Intentionally corny and wholesome jokes, often pun-based.
Why did the scarecrow become a successful musician? He had a lot of straw-fans!
What do you call a fish wearing a crown? Gill-ty as charged!
How do you organize a fantastic party in outer space? You planet!
Some people eat snails. They must not like fast food!
What do you call a mac 'n' cheese that gets all up in your face? Too close for comfort food!
Why couldn't the skeleton go to the bar? Because he had no body to go with!
What do you call fake noodles? Impastas!
What do you get when you cross an elephant with a rhino? Elephino!
I'm going to make a bike out of spaghetti, because it's two tired.
Did you hear about the kidnapping at the park? They woke up, so it's all fine now.

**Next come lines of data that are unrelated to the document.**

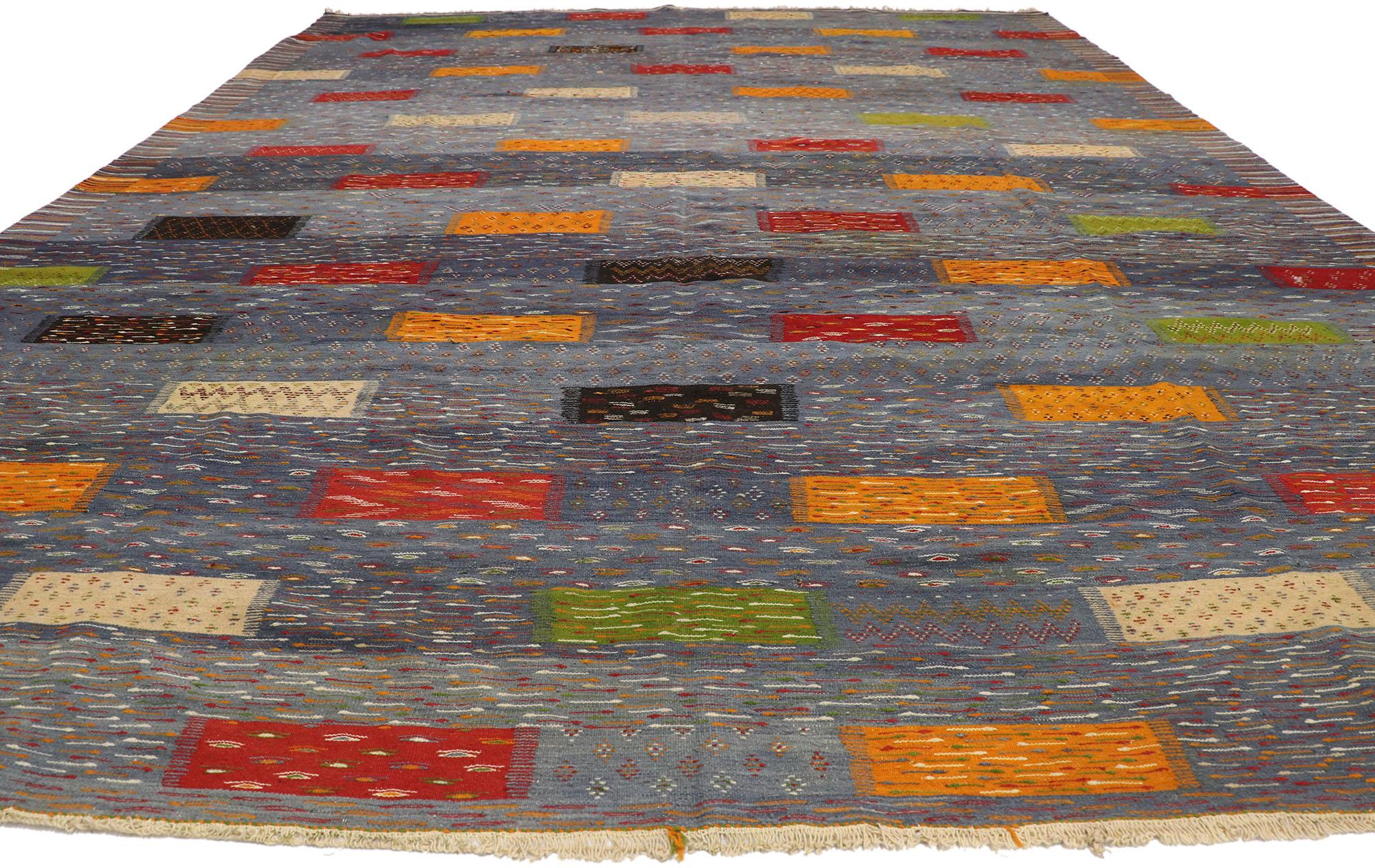 Hand-Woven New Contemporary Berber Moroccan Kilim Rug, Modern Cabin Style Flat-Weave Rug For Sale
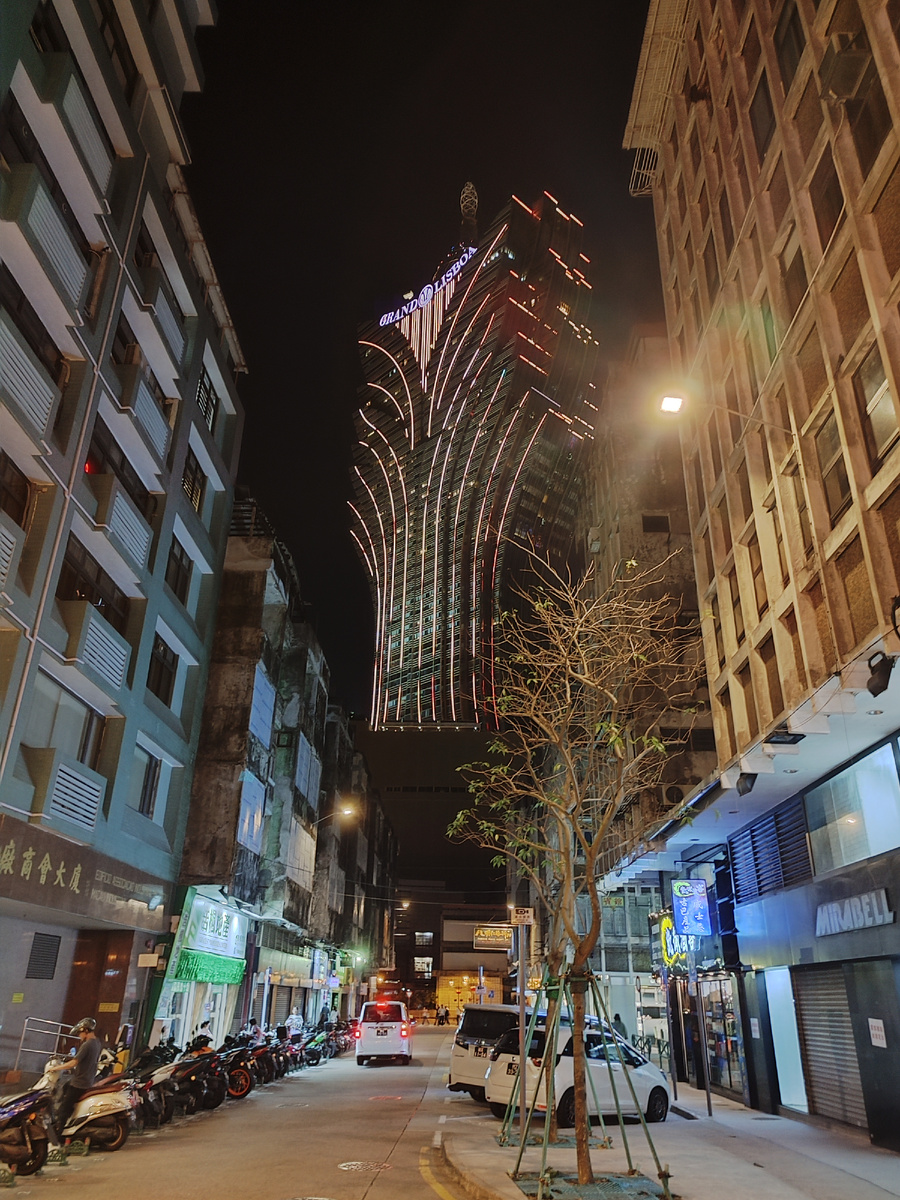 Главная достопримечательность Макао - игорные дома, сосредоточенные на так называемом стрипе, или улице казино. Не из-за ограничений Яндекса, а по собственным убеждениям должен предостеречь читателей от увлечения любыми формами азартных игр. Детального описания этой особенности города в статье НЕ будет. 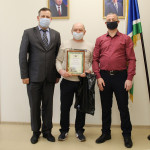 Игрокам хоккейной команды Ирбитского района вручили грамоты и памятные подарки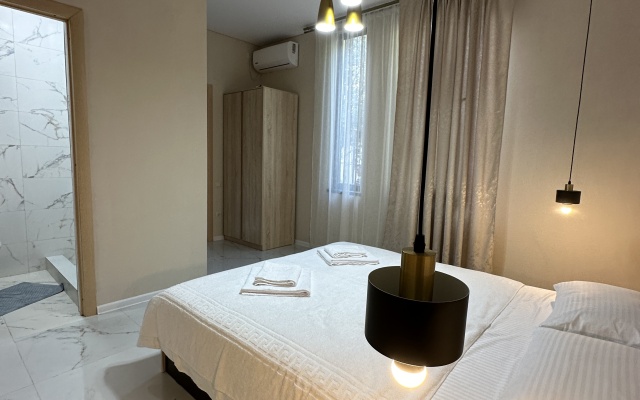 Aaron Mini-Hotel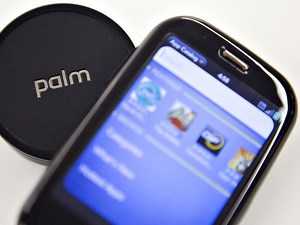 FP Tech Desk: HP to challenge Apple, Google smartphones with own software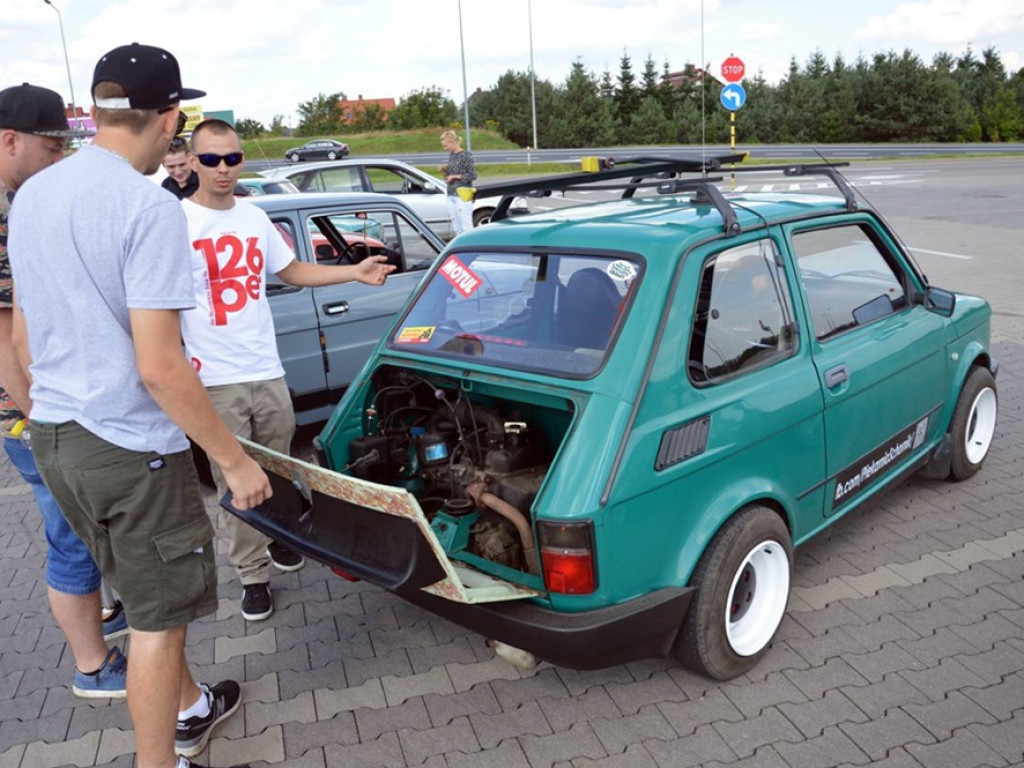 Panny oglądają się za nim częściej niż za czarnym porsche. Na ulicy moda na malucha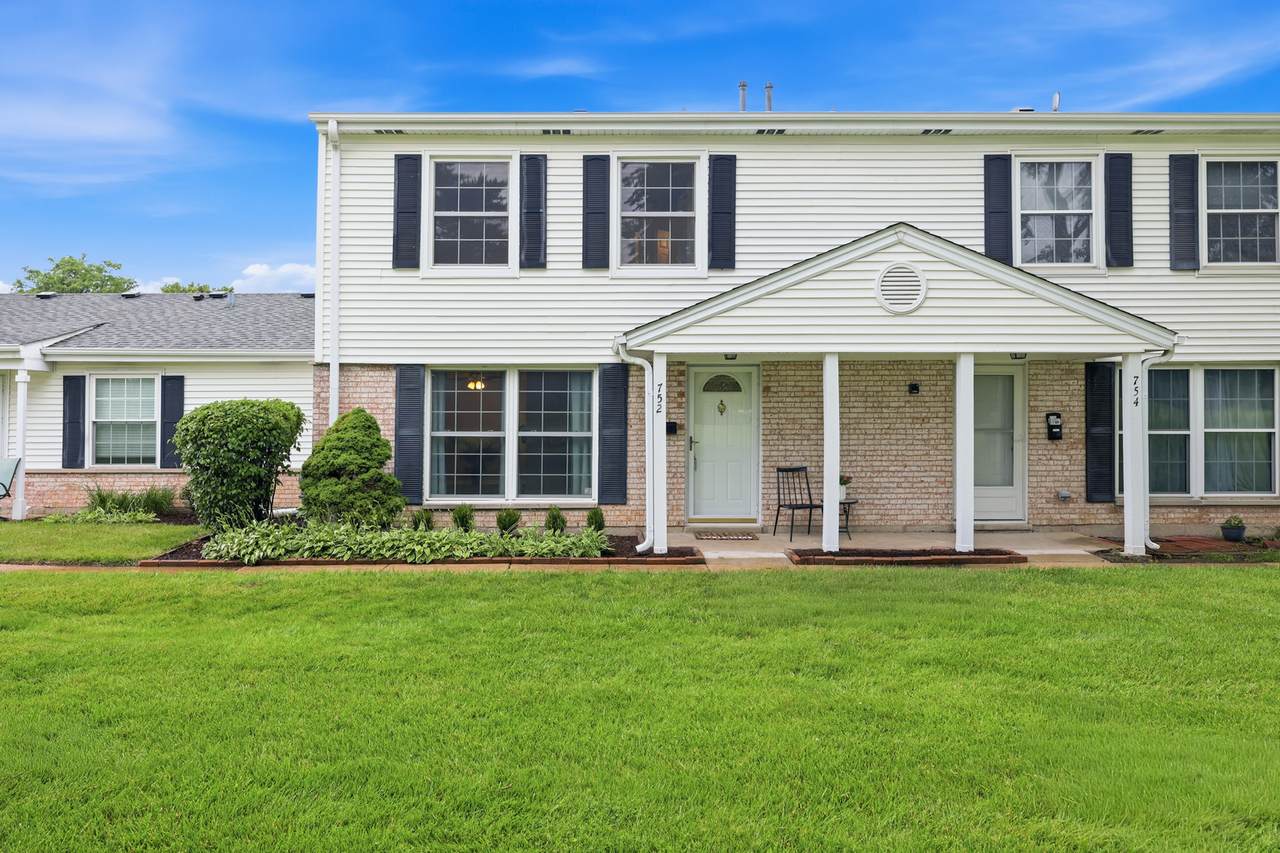 752 Gloucester Drive - Photo 1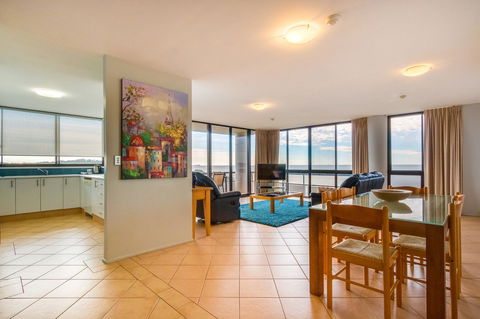 Pacific Towers Beach Resort - Redcliffe Tourism 43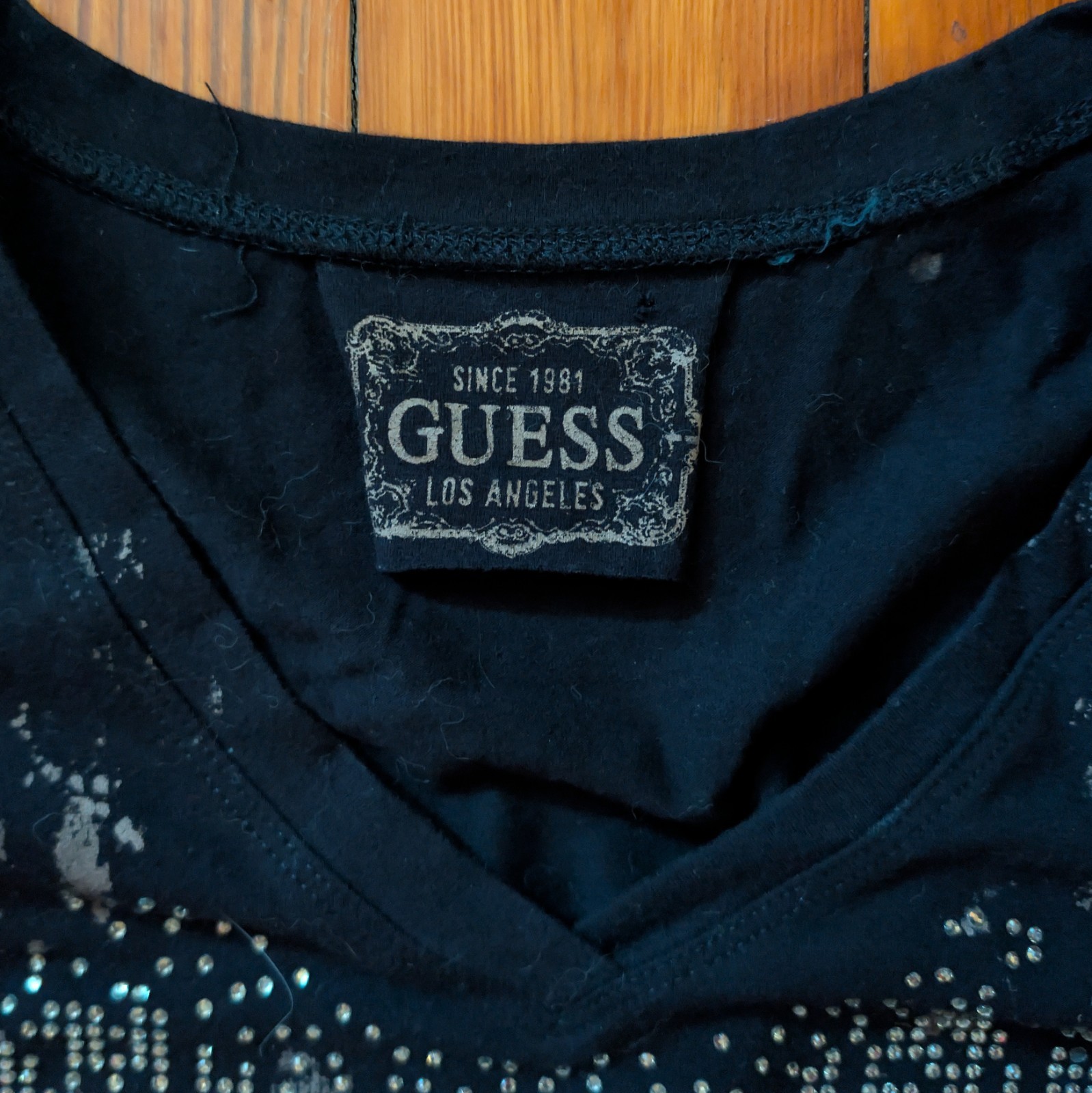 90s-y2k GUESS black rhinestone logo long sleeve crewneck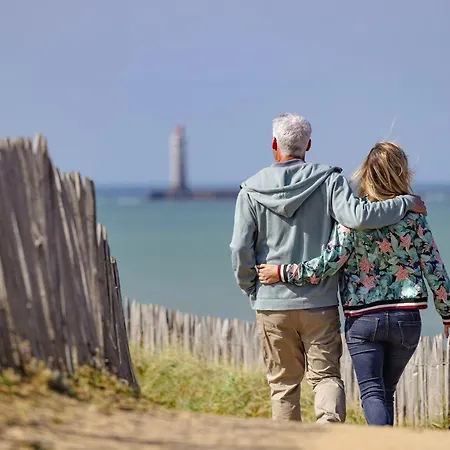 Hébergement de vacances Maison 3 Ch, Cour Privee Et Wi-fi, Proche Et Commerces - Fr-1-92-949 Les Sables-dʼOlonne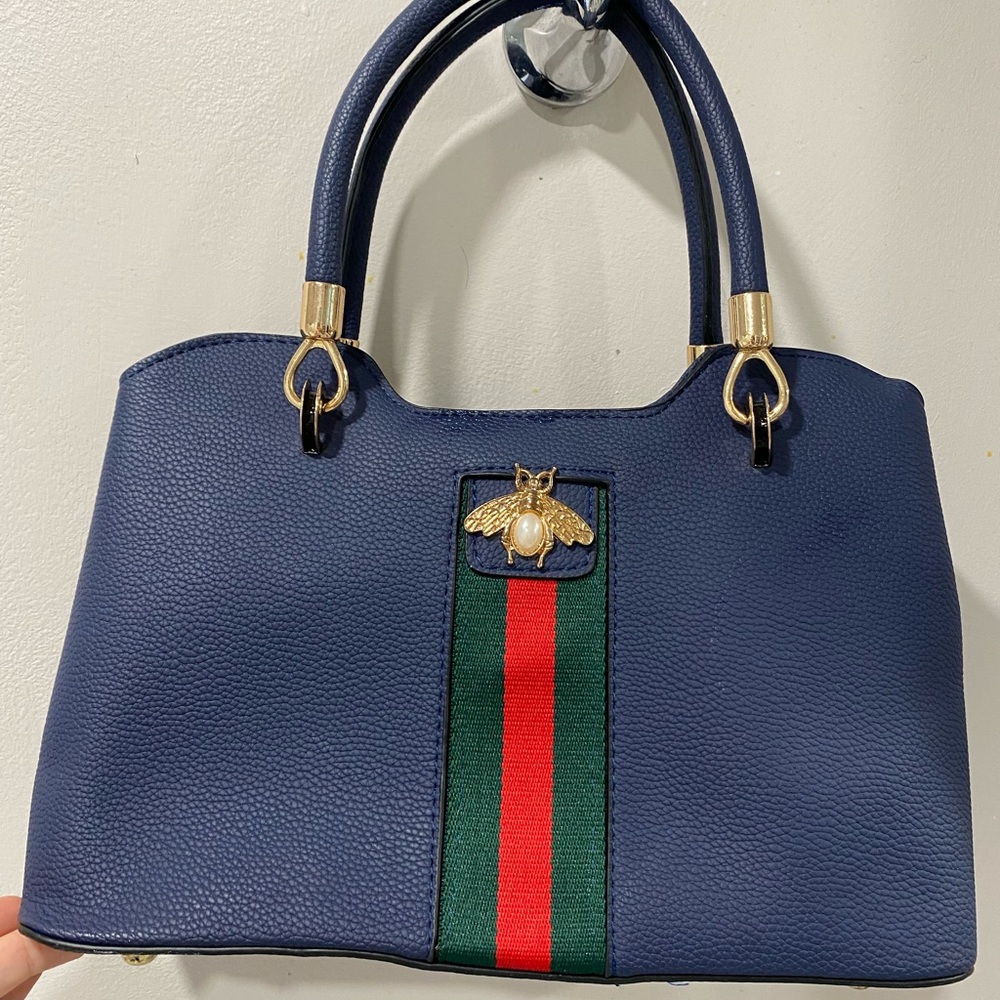 Gorgeous bag- amazing condition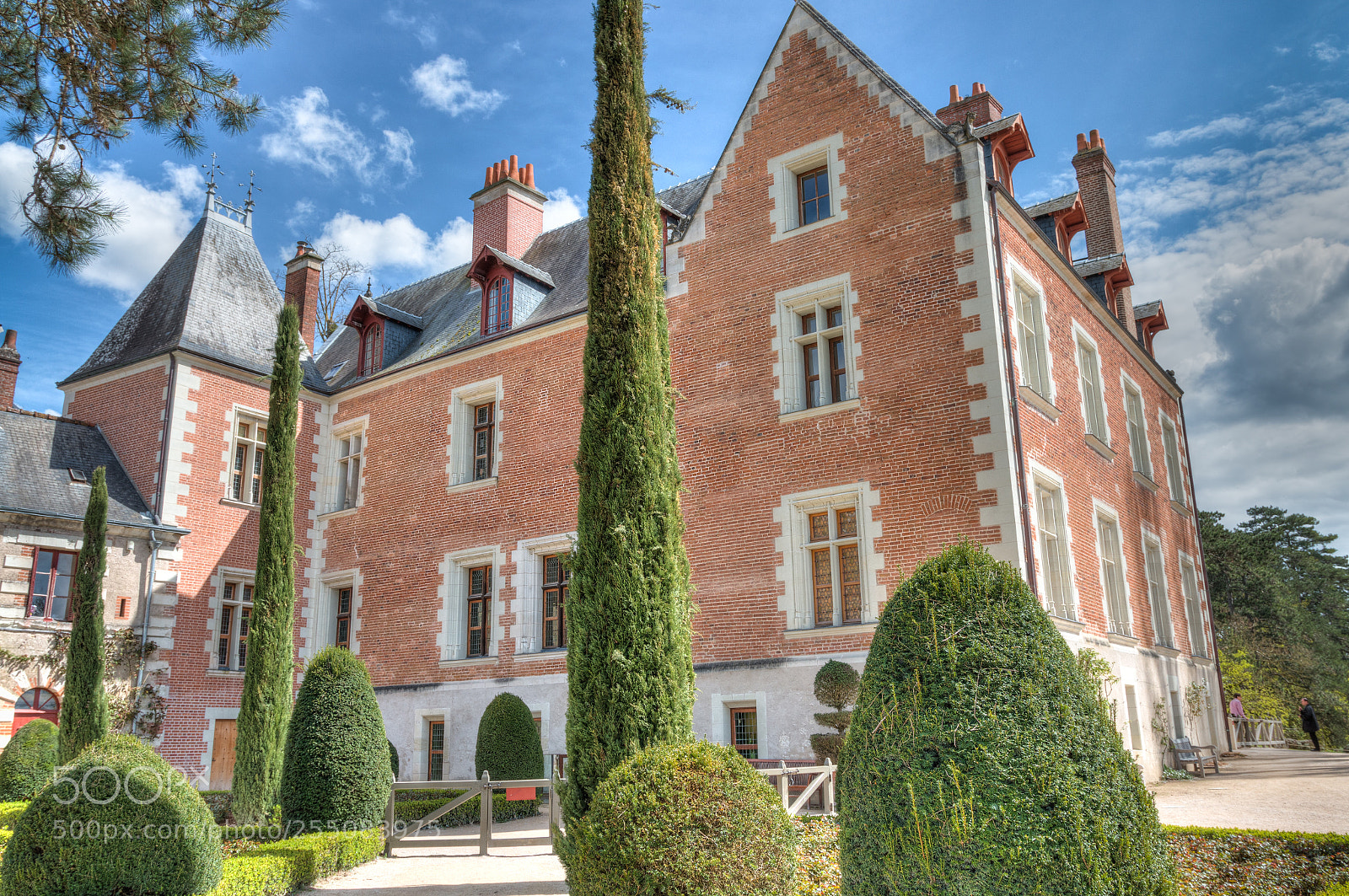 Canon EOS 70D sample photo. Derrière le clos-lucé photography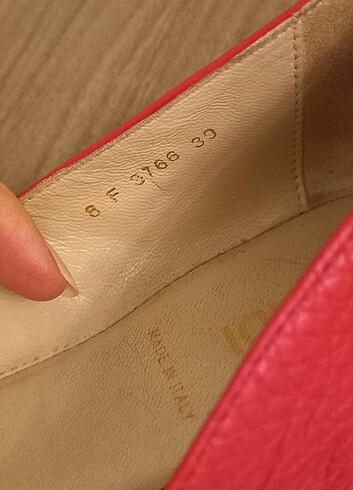 Orjinal fendi kırmızı renk babet - Görsel 11
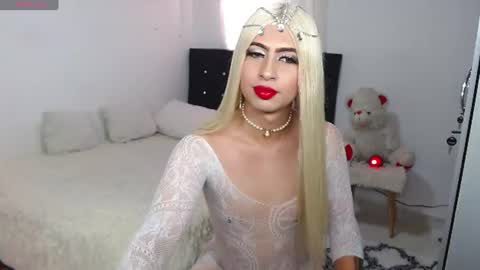 Snapshot of isadora_conde1_ chatting on 10, 7, 2026 isadora online show from 10, 7, 2026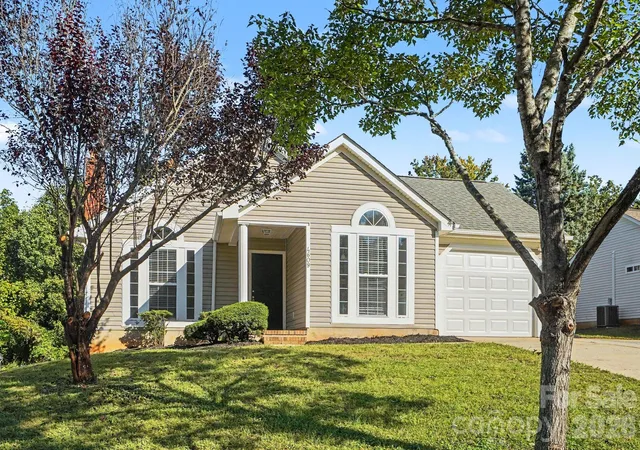 Photo 3 of Single family home for sale at 4609 Avalon Forest Ln, Charlotte, NC 28269 | MLS# 4430650 | Listing updated on 2026-10-06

I'm friends with a tree because we both have lots of roots.
I thought I'd tell you a joke about a pencil, but it's pointless.
I would tell you a joke about a cliff, but it would be a sheer drop.
As a scarecrow, people say I'm outstanding in my field. But hey, it's in my genes.
Why did the rapunzel break up with her boyfriend? He was too hair-ritating.
Did you hear about the arsonist who fell asleep on the job? He got burned out.
How did the picture end up in jail? It was framed.
If prisoners could take their own mugshots, they’d be called cellfies.
Einstein developed a theory about space, and it was about time too!
I asked my dad if we could do a 50/50. He said 49/51 works better because it's two puns in one!
What do you call dangerous precipitation? A rain of terror!